[DISCLAIMER: The following text is taken from the U.S. War Department Technical Manual, TM-E 30-451: Handbook on German Military Forces published in March 1945. — Figures and illustrations are not reproduced, see source details. — As with all wartime intelligence information, data may be incomplete or inaccurate. No attempt has been made to update or correct the text. — Any views or opinions expressed do not necessarily represent those of the website.]
CHAPTER IV. TACTICS
Section IV. OFFENSIVE
2. Types of Attack
a. FLANK ATTACK (Flankenangriff). The Germans consider that the most effective attack is against the enemy's flank. The flank attack develops either from the approach march—sometimes through a turning movement—or from flank marches. It attempts to surprise the enemy and permit him no time for countermeasures. Since mobility and the deception of the enemy at other positions are required, the flank attack is most successfully mounted from a distance; the troop movements necessary for the maneuver can be executed in close proximity to the enemy only with unusually favorable terrain or at night. Attacks are launched on both flanks only when the Germans consider their forces clearly superior.
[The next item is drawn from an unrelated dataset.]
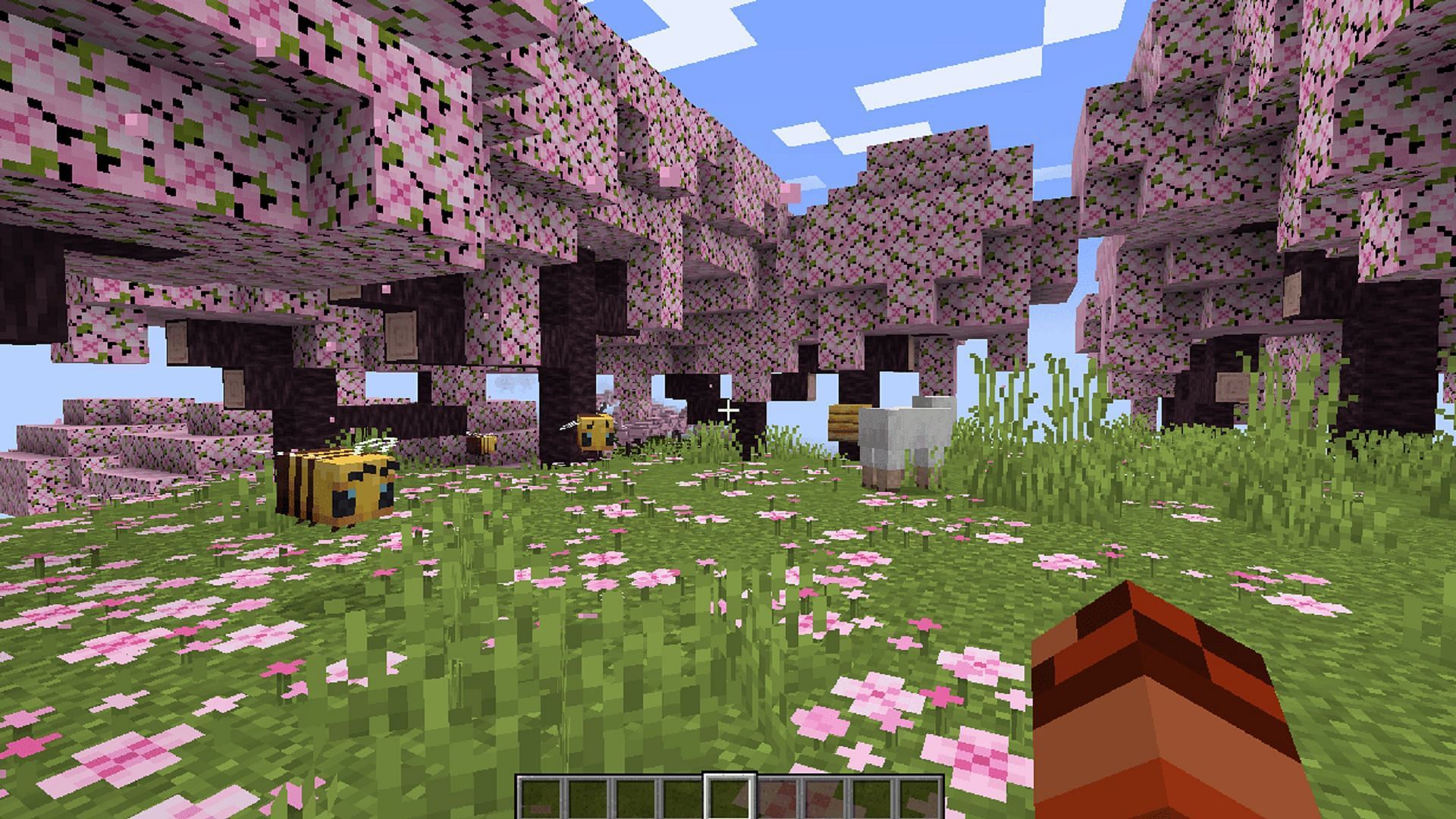 Cherry trees are the latest tree type set to be released in Minecraft 1.20 (Image via Mojang)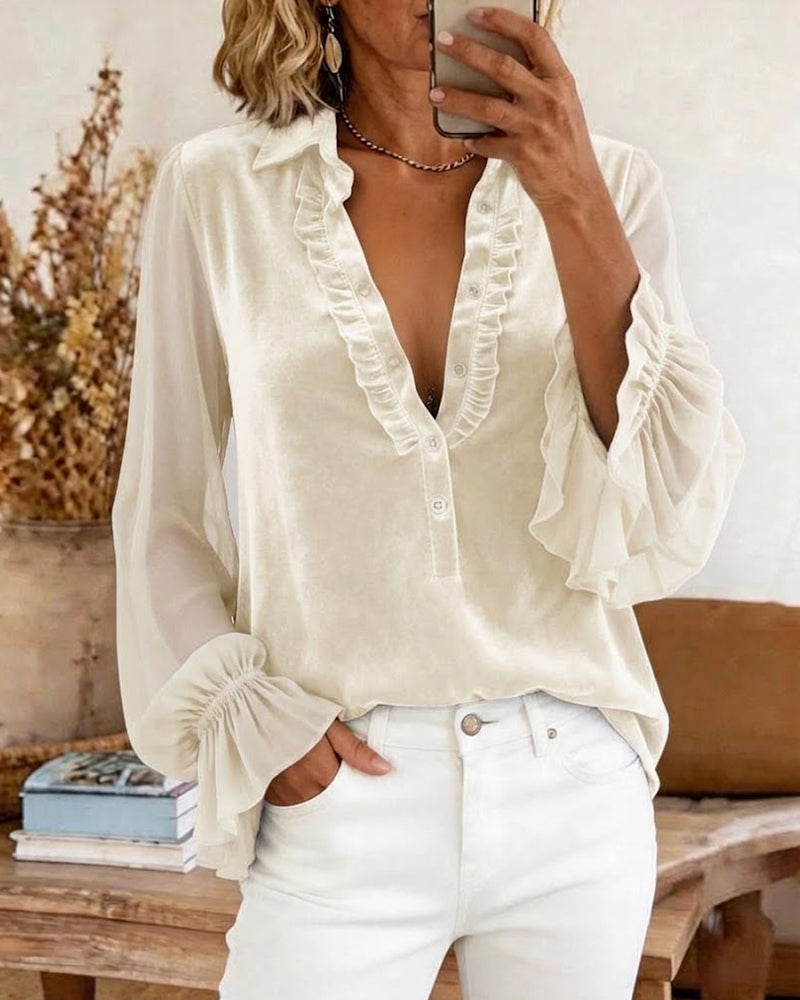Bluse Fløyel Patchwork Rynket Erme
b. ENVELOPMENT (Umfassungsangriff). The envelopment is a combination flank-and-frontal attack especially favored by the Germans. The envelopment may be directed on either or both the enemy's flanks, and is accompanied by a simultaneous frontal attack to fix the enemy's forces. The deeper the envelopment goes into the enemy's flanks, the greater becomes the danger of being enveloped oneself. The Germans therefore emphasize the necessity of strong reserves and organization of the enveloping forces in depth. Success of the envelopment depends on the extent to which the enemy is able to dispose his forces in the threatened direction.
c. ENCIRCLEMENT (Einkreisung). An encirclement, the Germans think, is a particularly decisive form of attack, but usually more difficult to execute than a flank attack or an envelopment. In an encirclement, the enemy is not attacked at all in front, or is attacked in front only by light forces, while the main attacking force passes entirely around him, with the objective of maneuvering him out of position. This requires extreme mobility and deception.
d. FRONTAL ATTACK (Frontalangriff). The Germans consider the frontal attack the most difficult of execution. It strikes the enemy at his strongest point, and therefore requires superiority of men and materiel. A frontal attack should be made only at a point where the infantry can break through into favorable terrain in the depth of the enemy position. The frontage of the attack should be wider than the actual area (Schwerpunkt) chosen for penetration, in order to tie down the enemy on the flanks of the breakthrough. Adequate reserves must be held ready to counter the employment of the enemy's reserves.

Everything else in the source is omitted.